Every entry below has to appear again in your reply, word for word, but no picture may.

[EXERCISE MATERIALS — start]

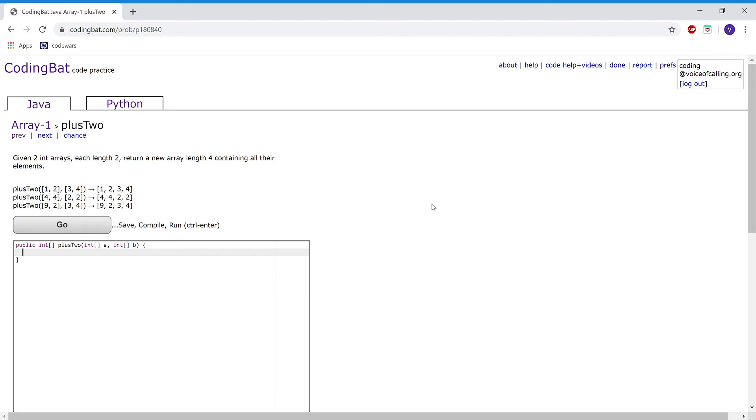This is array 1 plus 2 and the problem reads: given two integer arrays, each length 2, return a new array length 4 containing all their elements.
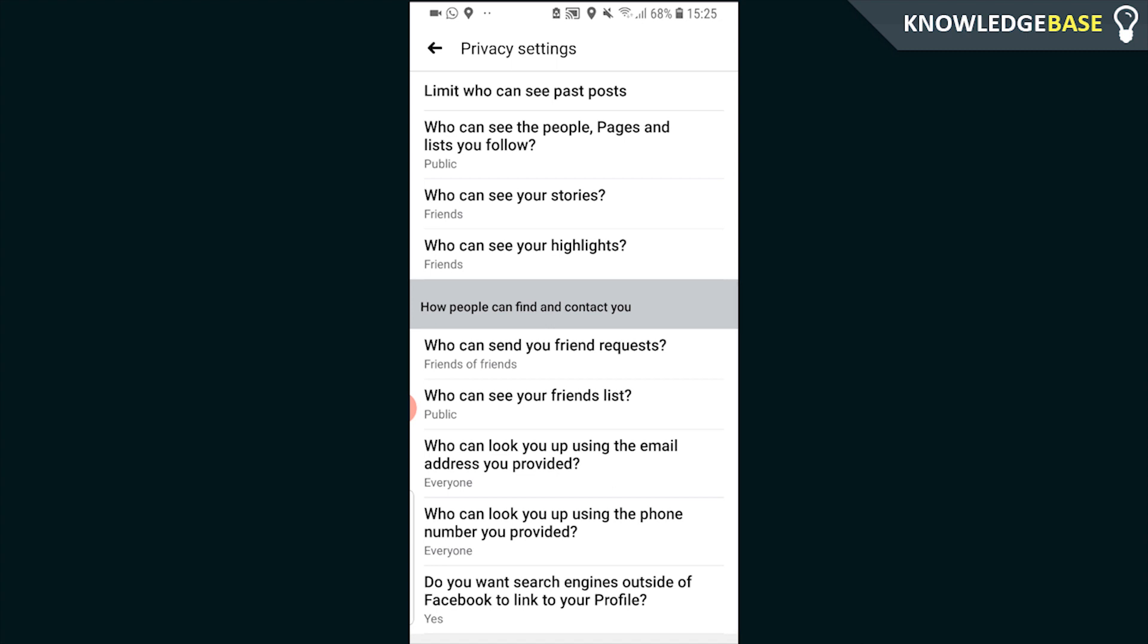Who can see your friends list? You can make that just be your friends. You can change all of these to essentially just be your friends, and that way only your friends can see your Facebook profile and it's not open for everyone to view from the public. That way people who aren't your friends can't just go looking through your Facebook profile.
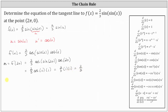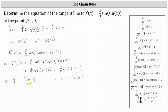So the slope of the tangent line at the given point is 2/3, and the line passes through the point (2π, 0). Let's find the equation of the tangent line in point-slope form: y minus y1 equals m times the quantity x minus x1. In our case, x1 is 2π and y1 is zero, giving us y minus zero equals 2/3 times the quantity x minus 2π.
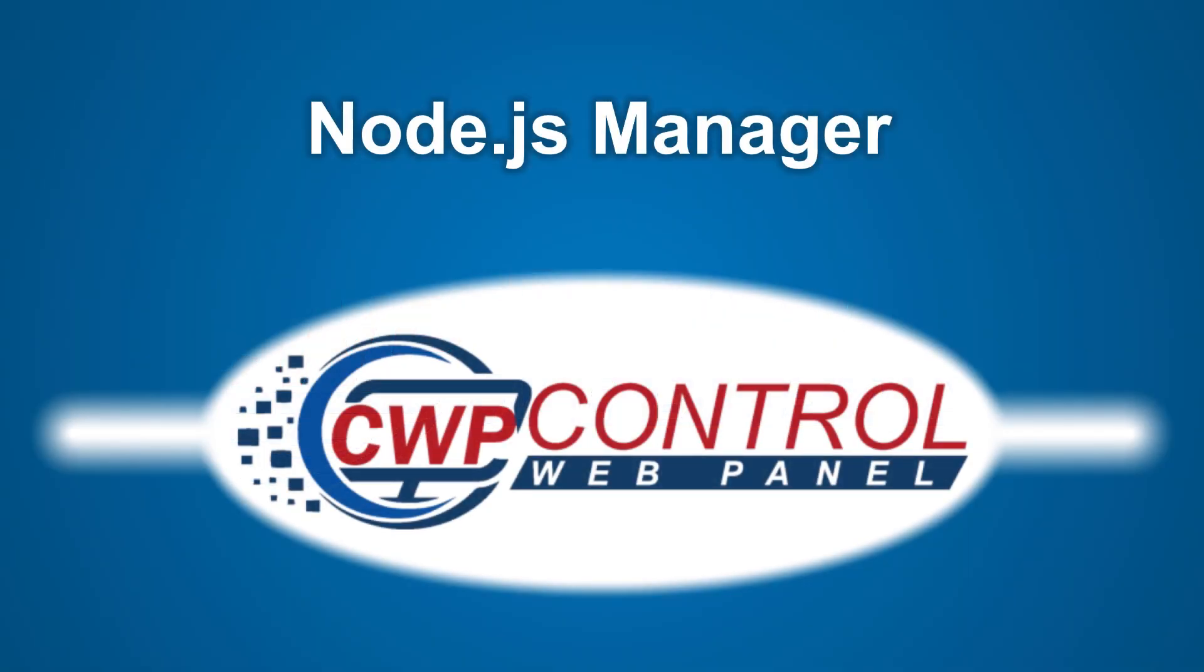Hello, welcome to this ControlWebPanel tutorial. In this video, we will take a look at the new Node.js Manager module in the CWP admin panel.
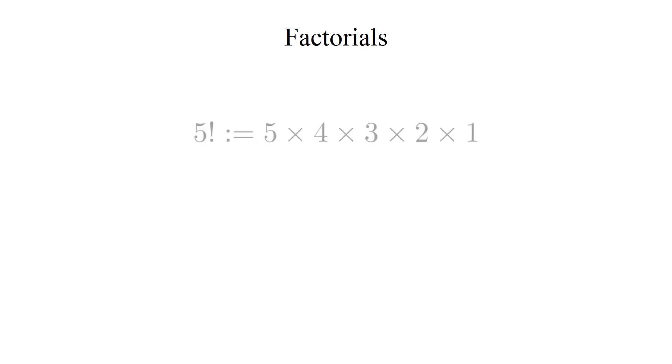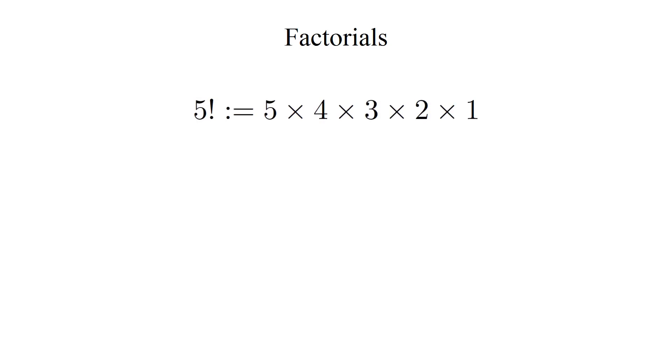The factorial of a number is denoted by placing an exclamation mark after the number. So 5 factorial would be represented like this. The way you compute it is, you multiply the number by all of the integers below it until you reach the number one. So 5 factorial would be 5 times 4 times 3 times 2 times 1.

[EXERCISE MATERIALS — finish]

● **WORKED SOLUTION**:
This is array 1 plus 2 and the problem reads: given two integer arrays, each length 2, return a new array length 4 containing all their elements.
Who can see your friends list? You can make that just be your friends. You can change all of these to essentially just be your friends, and that way only your friends can see your Facebook profile and it's not open for everyone to view from the public. That way people who aren't your friends can't just go looking through your Facebook profile.
So the slope of the tangent line at the given point is 2/3, and the line passes through the point (2π, 0). Let's find the equation of the tangent line in point-slope form: y minus y1 equals m times the quantity x minus x1. In our case, x1 is 2π and y1 is zero, giving us y minus zero equals 2/3 times the quantity x minus 2π.
Hello, welcome to this ControlWebPanel tutorial. In this video, we will take a look at the new Node.js Manager module in the CWP admin panel.
The factorial of a number is denoted by placing an exclamation mark after the number. So 5 factorial would be represented like this. The way you compute it is, you multiply the number by all of the integers below it until you reach the number one. So 5 factorial would be 5 times 4 times 3 times 2 times 1.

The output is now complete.